A contact detection algorithm helps the robot determine the best time for a given leg to switch from swinging in the air to stepping on the ground, depending on the resistance it senses when it puts its foot down. The algorithm makes use of readings from gyroscopes, accelerometers and the relative positions of the legs with respect to the ground.

“If humans close our eyes and make a step, we have a mental model for where the ground might be, and can prepare for it. But we also rely on the feel of touch of the ground,” Kim explained. “We are sort of doing the same thing by combining multiple information to determine the transition time.”

The researchers tested the algorithm by forcing Cheetah 3 to deal with debris such as wooden blocks and rolls of tape as it trotted on a treadmill and climbed a staircase.

A model-predictive control algorithm, meanwhile, anticipates how the robot’s body and legs should be positioned a half-second in the future, depending on what kind of force is applied by a given leg as it makes contact with the ground.

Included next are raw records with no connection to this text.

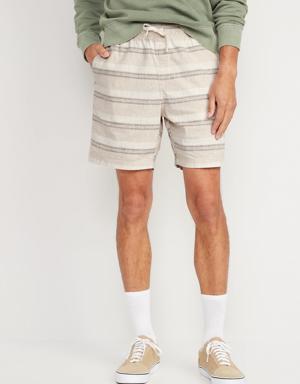 Linen-Blend Jogger Shorts for Men -- 7-inch inseam white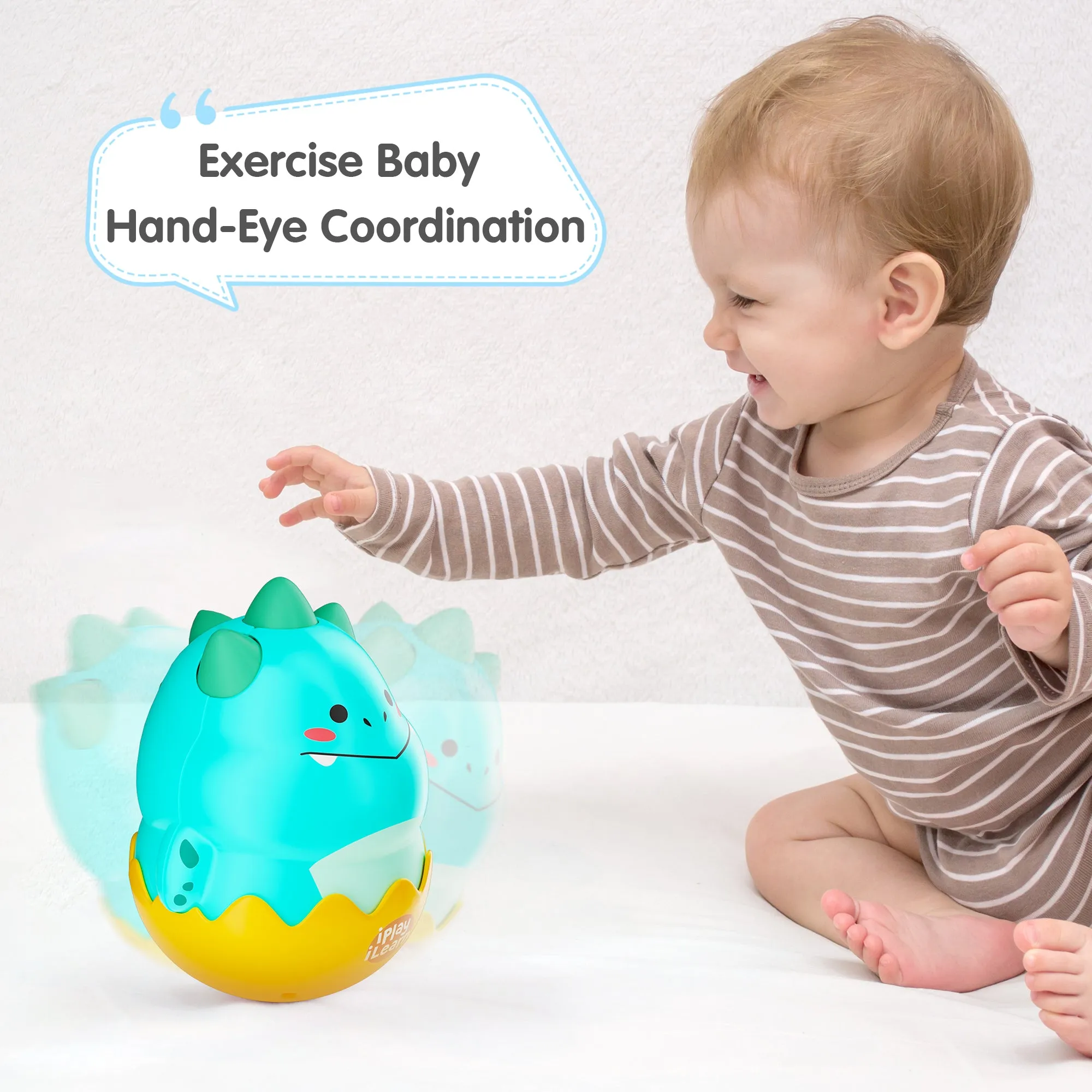 Baby Tummy Time Toys, Infant Dinosaur Wobble Toy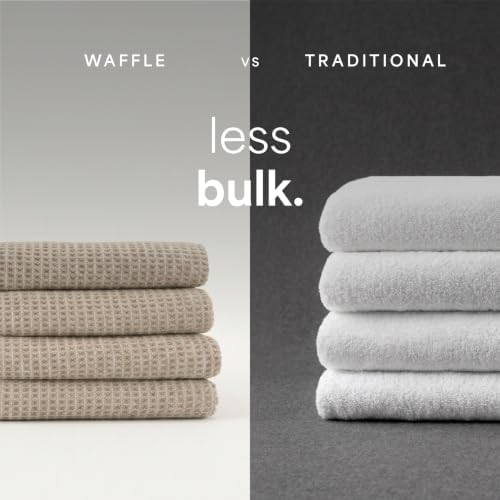 Aura Waffle Bath Towels, 4 Pack, 30" x 60", Beige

“Say someone kicks the robot sideways,” Kim said. “When the foot is already on the ground, the algorithm decides, ‘How should I specify the forces on the foot? Because I have an undesirable velocity on the left, so I want to apply a force in the opposite direction to kill that velocity. If I apply 100 newtons in this opposite direction, what will happen a half-second later?”

The predictive algorithm is updated 20 times a second. To test its performance, researchers kicked, shoved and yanked the robot while it traveled on the treadmill or staircase — then adjusted the algorithm accordingly. (Let’s hope Cheetah 3 doesn’t hold a grudge.)

Eventually, Kim and his colleagues will add computer vision to the mix, but for Cheetah 3, they wanted to work on blind locomotion first.

A robot that can walk, run or climb in the dark, much more quickly and surely than a human? That’s just the thing you’d want to see in the aftermath of the earthquake — and just the thing you wouldn’t want to see in the aftermath of a robot uprising.

The vision-free technology, plus other enhancements to the Cheetah model, will be the subject of a presentation in October at the International Conference on Intelligent Robots and Systems. The research was supported, in part, by Naver, Toyota Research Institute, Foxconn and the Air Force Office of Scientific Research.